The use of tensorflow-io is straightforward with keras. Below is an example to Get Started with TensorFlow with the data processing aspect replaced by tensorflow-io:

import tensorflow as tf
import tensorflow_io as tfio

# Read the MNIST data into the IODataset.
dataset_url = "https://storage.googleapis.com/cvdf-datasets/mnist/"
d_train = tfio.IODataset.from_mnist(
    dataset_url + "train-images-idx3-ubyte.gz",
    dataset_url + "train-labels-idx1-ubyte.gz",
)

# Shuffle the elements of the dataset.
d_train = d_train.shuffle(buffer_size=1024)

# By default image data is uint8, so convert to float32 using map().
d_train = d_train.map(lambda x, y: (tf.image.convert_image_dtype(x, tf.float32), y))

# prepare batches the data just like any other tf.data.Dataset
d_train = d_train.batch(32)

# Build the model.
model = tf.keras.models.Sequential(
    [
        tf.keras.layers.Flatten(input_shape=(28, 28)),
        tf.keras.layers.Dense(512, activation=tf.nn.relu),
        tf.keras.layers.Dropout(0.2),
        tf.keras.layers.Dense(10, activation=tf.nn.softmax),
    ]
)

# Compile the model.
model.compile(
    optimizer="adam", loss="sparse_categorical_crossentropy", metrics=["accuracy"]
)

# Fit the model.
model.fit(d_train, epochs=5, steps_per_epoch=200)

In the above MNIST example, the URL's to access the dataset files are passed directly to the tfio.IODataset.from_mnist API call.

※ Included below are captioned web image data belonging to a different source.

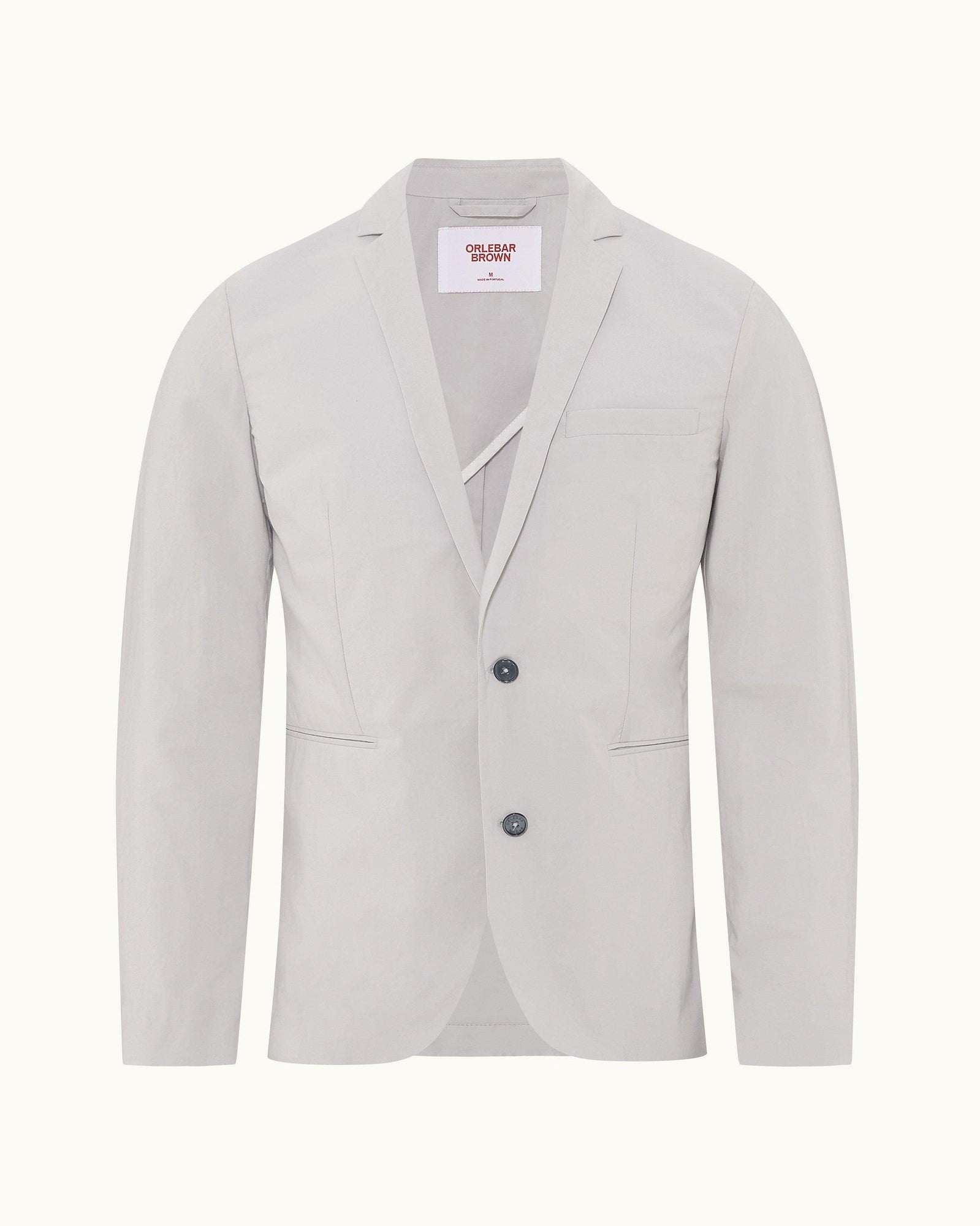 Oyster Grey Two-Button Stretch-Cotton Blazer | Oyster Grey
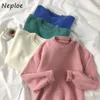 Neploe Korean Style Solid Color Women Sweaters O-neck Long Sleeve Knitted Pullovers Loose Casual Sueter Coat Pull Femme 1H807 210423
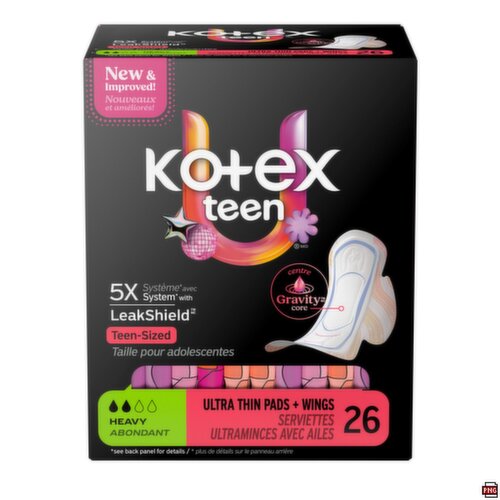 Kotex - Teen Heavy, Ultra Thin Pads + Wings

This is due to the inherent support that tensorflow-io provides for HTTP/HTTPS file system, thus eliminating the need for downloading and saving datasets on a local directory.

NOTE: Since tensorflow-io is able to detect and uncompress the MNIST dataset automatically if needed, we can pass the URL's for the compressed files (gzip) to the API call as is.

Please check the official documentation for more detailed and interesting usages of the package.

Installation

Python Package

The tensorflow-io Python package can be installed with pip directly using:

$ pip install tensorflow-io

People who are a little more adventurous can also try our nightly binaries:

$ pip install tensorflow-io-nightly

Docker Images

In addition to the pip packages, the docker images can be used to quickly get started.

For stable builds:

$ docker pull tfsigio/tfio:latest
$ docker run -it --rm --name tfio-latest tfsigio/tfio:latest

For nightly builds:

$ docker pull tfsigio/tfio:nightly
$ docker run -it --rm --name tfio-nightly tfsigio/tfio:nightly

R Package

Once the tensorflow-io Python package has been successfully installed, you can install the development version of the R package from GitHub via the following:

if (!require("remotes")) install.packages("remotes")
remotes::install_github("tensorflow/io", subdir = "R-package")

TensorFlow Version Compatibility

To ensure compatibility with TensorFlow, it is recommended to install a matching version of TensorFlow I/O according to the table below. You can find the list of releases here.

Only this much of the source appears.